New Directions in the Study of the Arab World
The Humanities Research Fellowship for the Study of the Arab World is pleased to announce the second Annual Graduate Student Research Workshop under the theme of “New Directions in the Study of the Arab World”. The workshop includes twelve doctoral students from a variety of disciplines and a range of institutions paired with NYUAD faculty who will serve as discussants for each session.
The event will take place March 6-8, 2023 at the NYUAD campus and is convened by Erin Pettigrew and Nathalie Peutz (NYUAD).
We look forward to welcoming the following graduate students and their projects to NYUAD:
Ahmed Abdelazim (University Wisconsin-Madison), In the Quest for a National Style: Islam and the State from 1967 to 1981
Alyaa Aljasmi (Sharjah University), The Effectiveness of Treatment Programs Provided for Drug Addicts and Psychotropic Substances in a Treatment and Rehabilitation Center in Dubai
Myriam Amri (Harvard University), To Turn A Currency Around: Central Bankers, Border Traffickers, and the Struggle for National Money in Tunisia
Melissa Camp (University North Carolina Chapel Hill), Sounding the Nahda: Musical Modernity in the Post Imperial Ottoman Empire
Brent Eng (University of California, Berkeley), The Bread of Mourning: Violence, Memory, and Touch Amongst Syrian Refugees in Tripoli, Lebanon
Irina Giorgadze (Tbilisi University), The Artistic World of the Syrian Short Story Writer Zakaria Tamer
Tanvi Kapoor (New York University), The Test of Waiting: Patience, Piety, and Power in Zanzibar (1920-Present)
Lama Karame (Oxford University), The Social and Legal Conceptualization of Childhood in Lebanon
Chaeri Lee (Indiana University), Āthār: Visualizing Vestiges of Time in Late Nineteenth-Century Iran
Mary Michael (University of California Santa Barbara), Media that Matters: Histories of Data Materialization in the Arabian Peninsula
Muhammad Ashraf Thachara Padikkal (Humboldt University/Groningen U.), Channeling Piety and Progress: Migration, Organised Religion, and the South Indian Migrant Islamic Groups in the Arabian Gulf (tentative)

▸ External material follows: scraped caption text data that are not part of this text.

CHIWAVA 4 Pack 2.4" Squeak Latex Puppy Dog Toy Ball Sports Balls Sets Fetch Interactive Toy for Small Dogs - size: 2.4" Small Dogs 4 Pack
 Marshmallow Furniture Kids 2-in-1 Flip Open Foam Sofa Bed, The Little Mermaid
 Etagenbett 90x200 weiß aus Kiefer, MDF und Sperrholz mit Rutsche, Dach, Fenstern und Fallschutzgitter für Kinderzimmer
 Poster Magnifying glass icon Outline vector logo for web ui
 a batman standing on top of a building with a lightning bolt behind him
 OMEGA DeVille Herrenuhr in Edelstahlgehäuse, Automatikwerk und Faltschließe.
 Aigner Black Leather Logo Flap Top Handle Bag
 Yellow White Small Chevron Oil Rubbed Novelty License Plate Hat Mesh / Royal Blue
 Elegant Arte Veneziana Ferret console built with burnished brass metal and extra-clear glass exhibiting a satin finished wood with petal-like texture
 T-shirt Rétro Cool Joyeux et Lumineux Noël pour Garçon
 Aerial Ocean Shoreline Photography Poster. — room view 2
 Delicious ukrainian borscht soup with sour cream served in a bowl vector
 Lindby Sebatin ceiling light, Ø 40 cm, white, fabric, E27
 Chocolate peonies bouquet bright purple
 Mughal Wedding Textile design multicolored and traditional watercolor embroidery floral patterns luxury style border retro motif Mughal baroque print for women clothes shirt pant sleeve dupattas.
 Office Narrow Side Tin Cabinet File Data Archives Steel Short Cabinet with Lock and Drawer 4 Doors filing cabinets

Yasmine Shafei (American University Beirut), The British Governance of Mental Health in Egypt, 1882-1952
In addition, there will be a lunch workshop on How to Pitch a Journal Article with Joel Gordon (editor of IJMES, Professor at the University of Arkansas) on Monday, March 6 at 12-1:45pm. Joel will also be available for individual consultations with faculty and research fellows focused on publishing in an academic journal (when to submit, how to - and how not to - craft that first spin-off from a dissertation, etc.) on March 6-7.
The event is hosted by the Humanities Research Fellowship for the Study of the Arab World in collaboration with the Division of Arts and Humanities. Open to NYUAD only.